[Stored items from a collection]
────

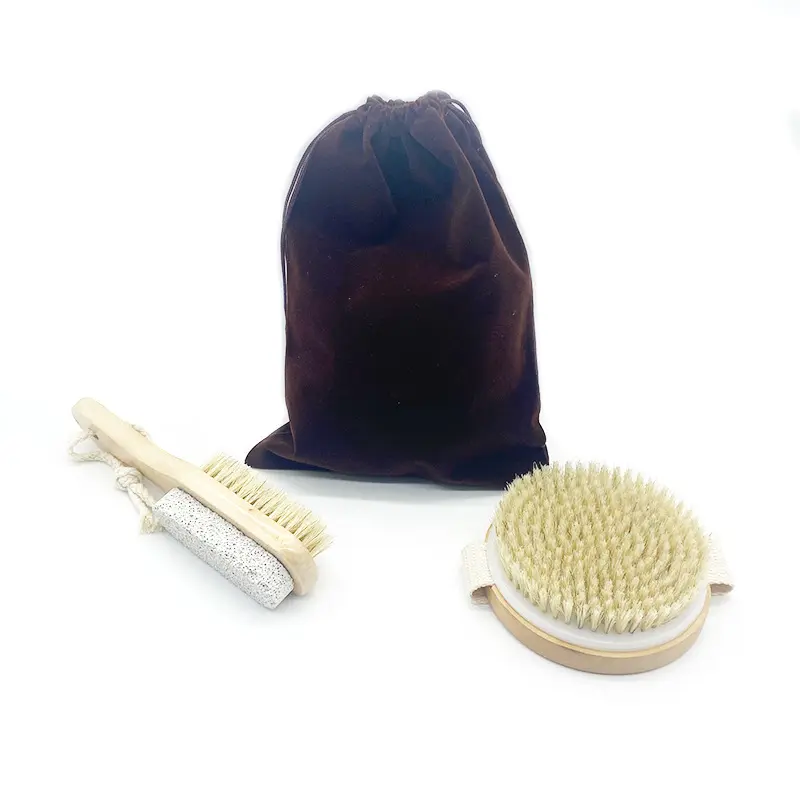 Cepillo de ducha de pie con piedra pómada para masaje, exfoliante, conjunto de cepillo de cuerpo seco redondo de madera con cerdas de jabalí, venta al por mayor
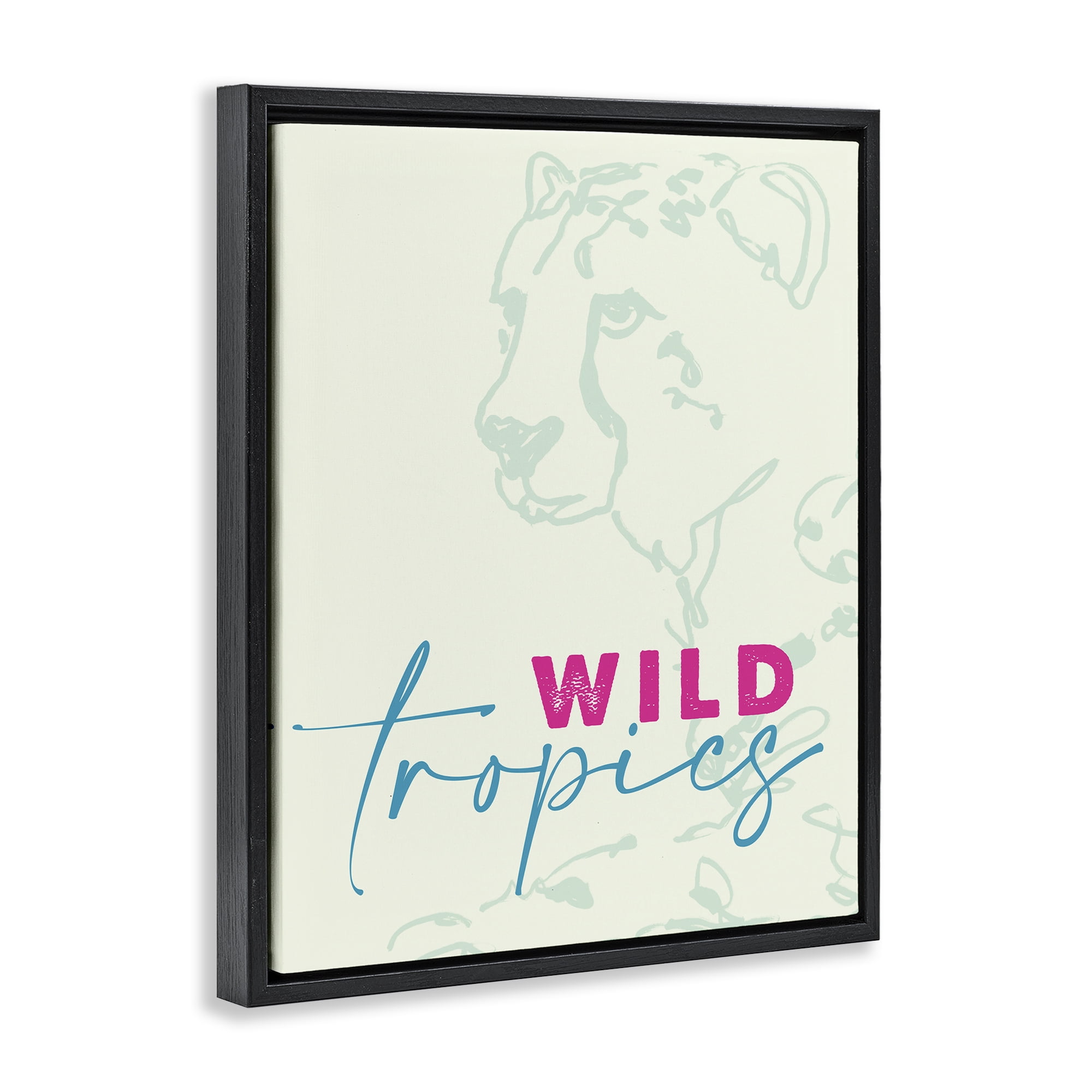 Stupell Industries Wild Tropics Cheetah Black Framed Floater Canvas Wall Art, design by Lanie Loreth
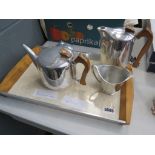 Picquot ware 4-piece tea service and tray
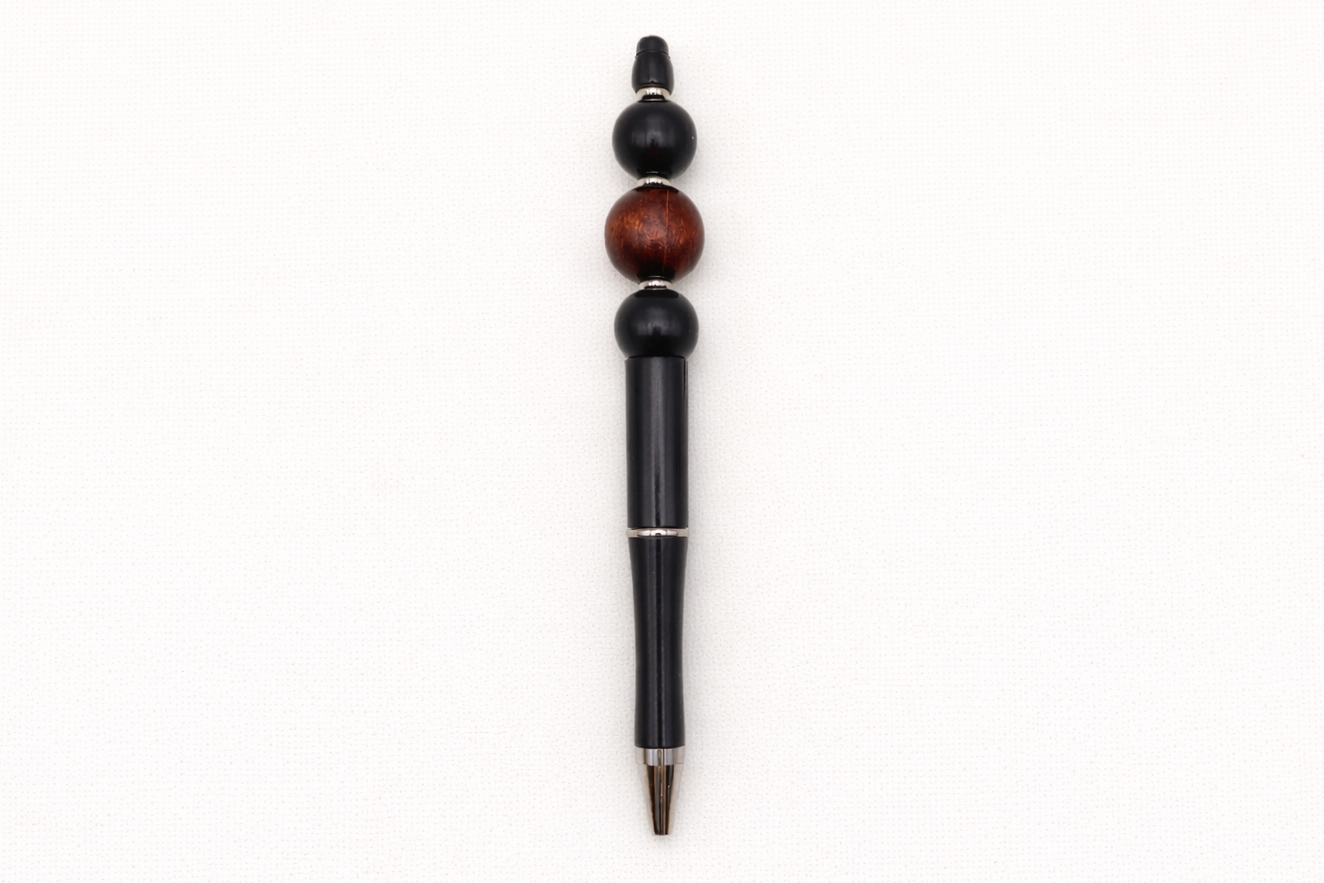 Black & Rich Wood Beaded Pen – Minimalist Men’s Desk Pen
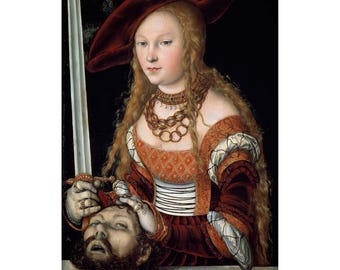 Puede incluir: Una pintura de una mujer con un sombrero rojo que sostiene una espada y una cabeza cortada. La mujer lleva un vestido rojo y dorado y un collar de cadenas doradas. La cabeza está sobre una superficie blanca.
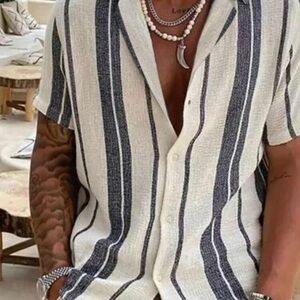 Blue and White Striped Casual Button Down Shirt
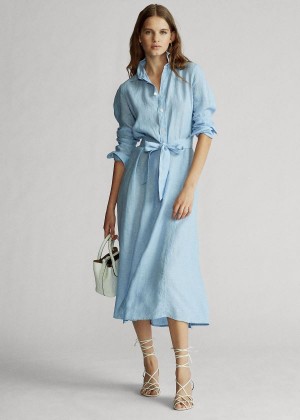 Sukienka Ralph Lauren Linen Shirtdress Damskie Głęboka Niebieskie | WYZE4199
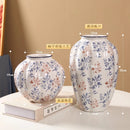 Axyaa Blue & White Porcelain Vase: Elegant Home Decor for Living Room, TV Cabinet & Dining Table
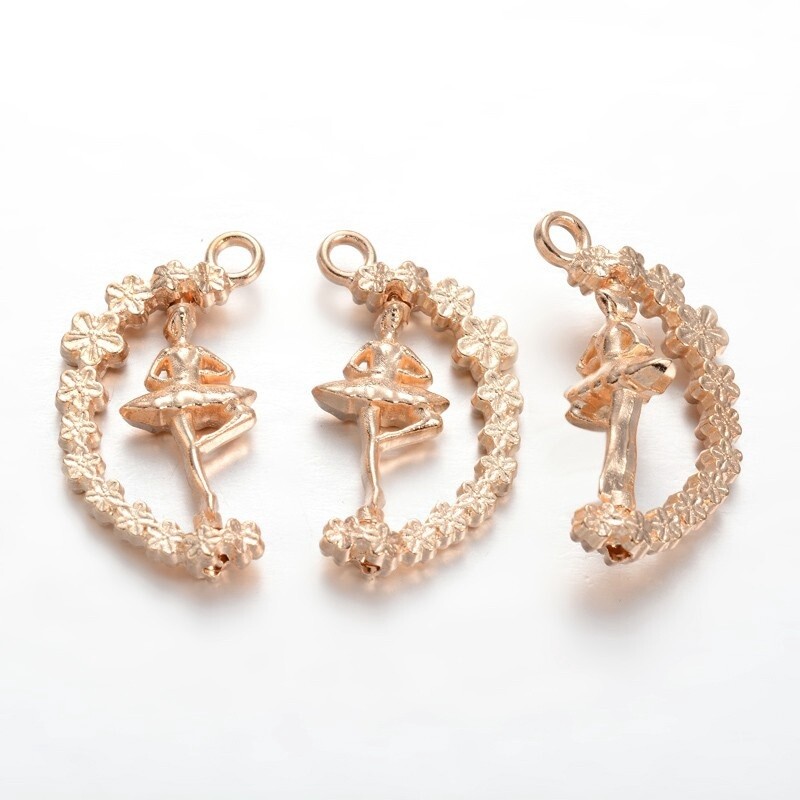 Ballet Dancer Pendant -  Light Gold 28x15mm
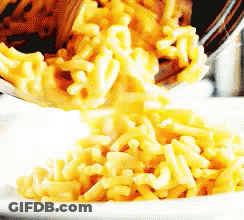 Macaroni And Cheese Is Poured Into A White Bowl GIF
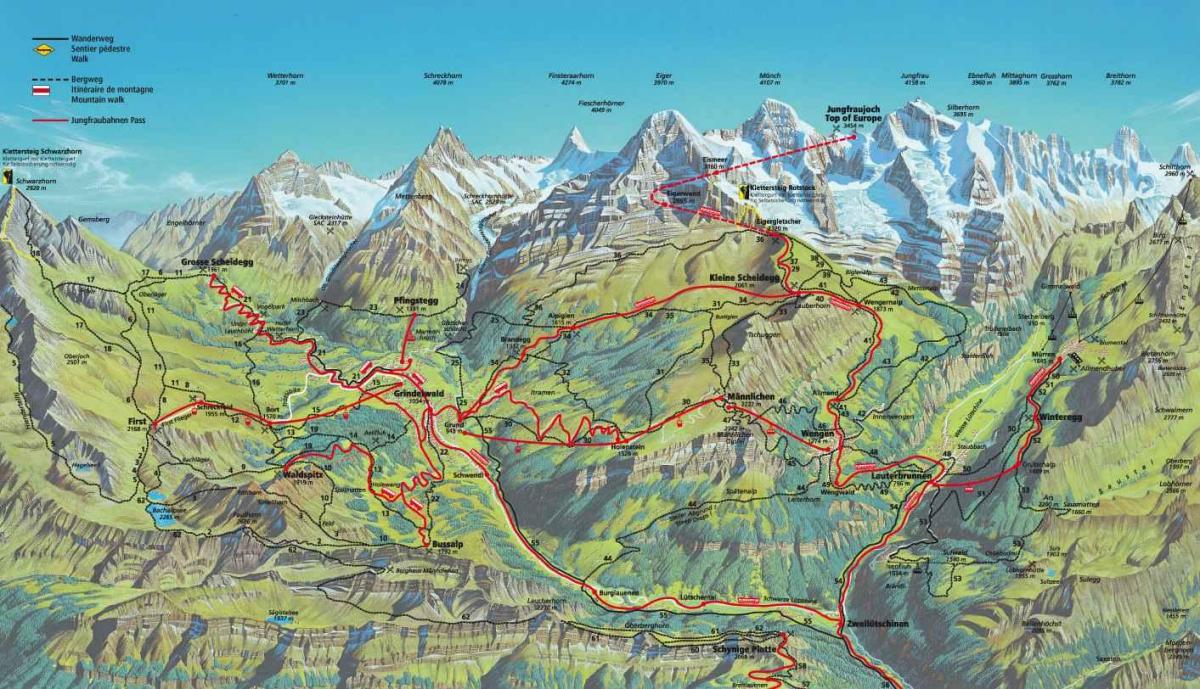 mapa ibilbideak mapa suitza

────

[REQUIREMENT]:
Write out the data again word for word, minus any images.

[PROBLEM SOLUTION]:
 Cepillo de ducha de pie con piedra pómada para masaje, exfoliante, conjunto de cepillo de cuerpo seco redondo de madera con cerdas de jabalí, venta al por mayor
 Stupell Industries Wild Tropics Cheetah Black Framed Floater Canvas Wall Art, design by Lanie Loreth
 Picquot ware 4-piece tea service and tray
 Black & Rich Wood Beaded Pen – Minimalist Men’s Desk Pen
 Puede incluir: Una pintura de una mujer con un sombrero rojo que sostiene una espada y una cabeza cortada. La mujer lleva un vestido rojo y dorado y un collar de cadenas doradas. La cabeza está sobre una superficie blanca.
 Blue and White Striped Casual Button Down Shirt
 Sukienka Ralph Lauren Linen Shirtdress Damskie Głęboka Niebieskie | WYZE4199
 Axyaa Blue & White Porcelain Vase: Elegant Home Decor for Living Room, TV Cabinet & Dining Table
 Ballet Dancer Pendant -  Light Gold 28x15mm
 Macaroni And Cheese Is Poured Into A White Bowl GIF
 mapa ibilbideak mapa suitza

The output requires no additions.